Modern Family won a record-tying fifth best comedy series Emmy Award and a dominant Breaking Bad captured the top drama award and a trio of acting honours in today’s ceremony, which took a sombre turn as Robin Williams was remembered with restraint and grace by his longtime friend, Billy Crystal.
“He made us laugh. Hard. Every time you saw him,” Crystal said of Williams at the conclusion of a tribute to industry members who died last year. “Robin Williams, what a concept.”
“I used to think if I could put a saddle on him and stay on him for eight seconds, I was gonna do OK,” said Crystal.
“It’s very hard to talk about him in the past because he was so present in all of our lives,” Crystal continued. “He was the brightest star in the comedy galaxy.”
Crystal concluded by reflecting on the eternal glow Williams would continue to give off, long after he was gone.
“And you’ll think to yourself: Robin Williams, what a concept.”
Bryan Cranston was honoured as best actor in a drama for Breaking Bad, proving that True Detective nominee Matthew McConaughey’s movie-star appeal couldn’t conquer all.
“I have gratitude for everything that has happened,” Cranston said. His victory ties him with four-time best drama actor champ Dennis Franz. Cranston’s co-stars Aaron Paula and Anna Gunn were honoured in categories for best drama supporting acting,
“Thank you for this wonderful farewell to our show,” said Breaking Bad creator Vince Gilligan said of the series about a teacher-turned-drug kingpin that ended with a bang.
The Good Wife star Julianna Margulies won the Emmy for best lead actress in a drama series. “What a wonderful time for women on television,” Margulies said.
McConaughey was the object of too-handsome jokes by presenter Jimmy Kimmel and adoration by winner Gail Mancuso, honoured as best director for an episode of Modern Family.
“If you don’t mind, Matthew McConaughey, I’m gonna make eye contact with you right now,” she said from the stage, making good by holding the actor’s gaze for much of her speech.
The ceremony honouring the best of TV wasn’t shy about playing the movie-star card. “Six minutes to Woody Harrelson” flashed on screen during Colin Bucksey’s acceptance speech for best miniseries direction for Fargo.
Harrelson and his True Detective co-star were given time to banter before announcing that Benedict Cumberbatch of “Sherlock: His Last Vow” was the winner of the best miniseries actor award.
“So you won Oscar, (People magazine’s) Sexiest Man Alive and now you want an Emmy, too. Isn’t that a little bit greedy” Harrelson teased his fellow nominee.
Fargo was named best miniseries, and the award for best miniseries actress went to Jessica Lange of American Horror Story: Coven.
Buffering the miniseries awards was a parody routine about top nominees by “Weird Al” Yankovic. Musical numbers usually look out of place at the Emmys, and this one was no different. Other scripted banter fell flat, although host Seth Meyers kept soldiering on.
CBS’ The Big Bang Theory star Jim Parsons was crowned as best comedy series actor, giving him his fourth Emmy and putting him in league with all-time sitcom winners Kelsey Grammer and Michael J. Fox.
ABC’s Modern Family, which tied Frasier as the all-time sitcom champ with five statuettes, also captured a best comedy supporting actor trophy for Ty Burrell. Allison Janney was honoured as best supporting comedy actress for CBS’ Mom,adding to the trophy she’d already picked up as guest actress on Masters of Sex.
Julia Louis-Dreyfus, who received her third consecutive best comedy actress Emmy for the political comedy Veep, drew big laughs as she stopped to exchange faux heated kisses with Cranston, who earlier was her co-presenter and who appeared with her on Seinfeld.
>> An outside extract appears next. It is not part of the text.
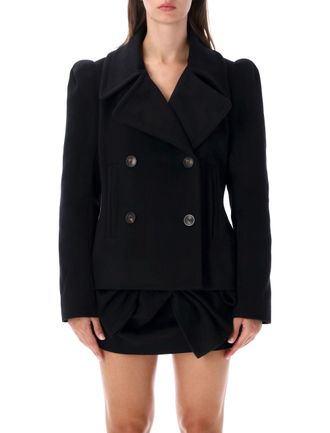7 For All Mankind Black Mini Coat Double Breasted High Shoulder Mini Coat
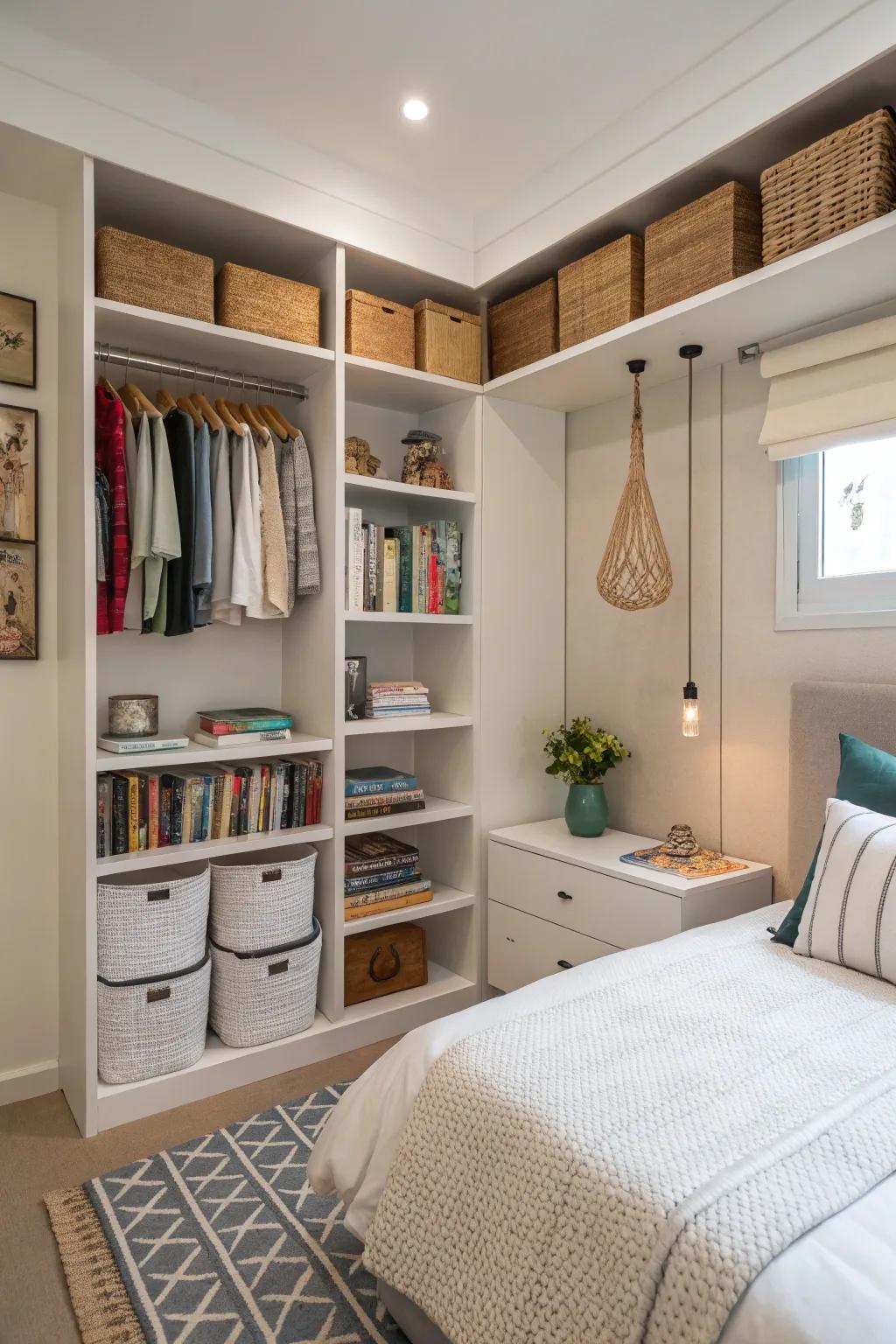 Vertical storage helps optimize small spaces.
Meyers kicked off the ceremony by tweaking his home network, NBC, and other broadcasters for being eclipsed in the awards by cable series and online newcomers like Orange Is the New Black.
Noting that the Emmys moved to Monday night to avoid a conflict with yesterday;s MTV Video Music Awards, he said that MTV doesn’t really specialise in videos anymore.
“That’s like network TV holding an awards show and giving all the trophies to cable and Netflix. That would be crazy,” Meyers joked.
The ceremony’s traditional “in memorian” tribute to industry members who have died in the past year flashed images of stars including James Garner, Ruby Dee, Sid Caesar, Carmen Zapata and Elaine Stritch as singer-son
What else happened:
– ‘Weird Al’ Yankovic performed an epic medley of Emmy-nominated TV show themes.
– The Colbert Report won outstanding variety series. The end of an era, as Stephen Colbert takes over Letterman’s spot next year.
– The Amazing Race is back to its winning ways after one year on the back-burner, taking out Outstanding Reality Competition. Seeing that the show’s host, Phil Keoghan, is a Kiwi we’ll book that win as ours.